Yesterday, there was a special election in a Texas state Senate race. Trump carried the district by 17 points in 2024. Yesterday, the Democrat won by 14 points, a 31 point swing. Democrat Taylor Rehmet spent almost no money compared to his well-funded and Trump-endorsed opponent and still won a landslide. Rehmet is an Air Force veteran and union leader and the sort of male-coded candidate that I personally think will overperform, due to vibes about Democrats being too female, too minority centered.
Fox News actually does respectable polling, and they have Democrats winning the generic ballot by 6 points, the highest they've ever recorded. As Morris notes, generic ballot polling doesn't tell us what will happen this November, but the party that doesn't control the White House usually picks up about 6 points between January polling and November voting. They start this cycle in the strongest position that they have ever been in.

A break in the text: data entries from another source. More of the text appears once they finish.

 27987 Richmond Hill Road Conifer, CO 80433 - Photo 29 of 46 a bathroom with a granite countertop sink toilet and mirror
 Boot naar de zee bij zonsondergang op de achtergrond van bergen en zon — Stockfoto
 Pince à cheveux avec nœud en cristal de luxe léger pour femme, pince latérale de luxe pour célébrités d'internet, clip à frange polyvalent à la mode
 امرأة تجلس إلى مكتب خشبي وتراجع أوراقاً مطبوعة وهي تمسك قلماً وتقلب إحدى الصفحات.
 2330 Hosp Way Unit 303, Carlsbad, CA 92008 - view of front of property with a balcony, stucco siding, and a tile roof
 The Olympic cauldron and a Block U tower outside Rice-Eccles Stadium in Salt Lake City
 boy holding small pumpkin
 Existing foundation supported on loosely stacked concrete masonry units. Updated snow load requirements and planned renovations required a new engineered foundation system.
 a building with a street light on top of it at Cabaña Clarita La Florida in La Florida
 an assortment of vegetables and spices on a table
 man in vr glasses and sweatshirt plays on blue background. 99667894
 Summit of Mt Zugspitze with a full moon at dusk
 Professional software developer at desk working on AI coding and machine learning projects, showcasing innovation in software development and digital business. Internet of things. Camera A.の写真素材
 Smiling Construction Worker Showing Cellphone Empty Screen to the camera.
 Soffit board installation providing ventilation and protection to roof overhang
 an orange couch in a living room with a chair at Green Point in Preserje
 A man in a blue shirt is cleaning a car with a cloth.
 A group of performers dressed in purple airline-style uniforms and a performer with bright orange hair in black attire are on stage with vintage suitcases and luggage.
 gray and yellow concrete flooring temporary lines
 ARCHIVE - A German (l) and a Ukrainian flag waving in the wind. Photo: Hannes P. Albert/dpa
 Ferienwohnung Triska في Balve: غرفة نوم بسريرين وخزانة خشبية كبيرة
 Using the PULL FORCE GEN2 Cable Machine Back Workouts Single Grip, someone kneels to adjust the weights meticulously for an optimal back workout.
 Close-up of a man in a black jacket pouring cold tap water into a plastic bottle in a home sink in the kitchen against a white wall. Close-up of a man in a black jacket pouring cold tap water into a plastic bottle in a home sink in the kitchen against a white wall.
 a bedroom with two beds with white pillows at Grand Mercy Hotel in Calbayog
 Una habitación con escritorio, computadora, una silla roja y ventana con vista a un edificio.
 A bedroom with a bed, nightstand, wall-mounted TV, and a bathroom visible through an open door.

Republicans are doubling down, in many ways, on the racism of their immigration policies. Even Americans who might support tighter border controls are not thrilled with the images coming from Minnesota. Trump (or Miller) thinks that they can just change the optics by firing Bovino and his Nazi wardrobe, but that's actually not the imagery that has people enraged. It's five year old Liam Conejo Ramos being arrested for the crime of being brown.
Meanwhile, with Republicans falling further and further underwater, the slow leak of Epstein files show that that story isn't going away either. As I wrote on Friday, Trump's policies are even less popular than he is himself. Oddly, with Democrats it's usually the opposite. Democratic policies are generally pretty popular - healthcare, taxing the rich, actual infrastructure spending, better education - but Dem pols usually poll worse. Once Trump's personality cult has to assimilate the fact that he really is a pedophile and rapist - if they even can assimilate that information - then the bottom truly does fall out.
The prevailing fear many of us have right now as we look at the political dynamic is that Trump will throw everything at the wall to try and subvert the midterms in nine months. As of now, he has been largely confined to more or less "legal" attempts like gerrymandering mid-decade. As America rejects him, he will grow more and more dangerous, Stephen Miller will get more and more fevered in his assault on the Constitution.
However, last night's election results could mean that they won't be able to pull it off.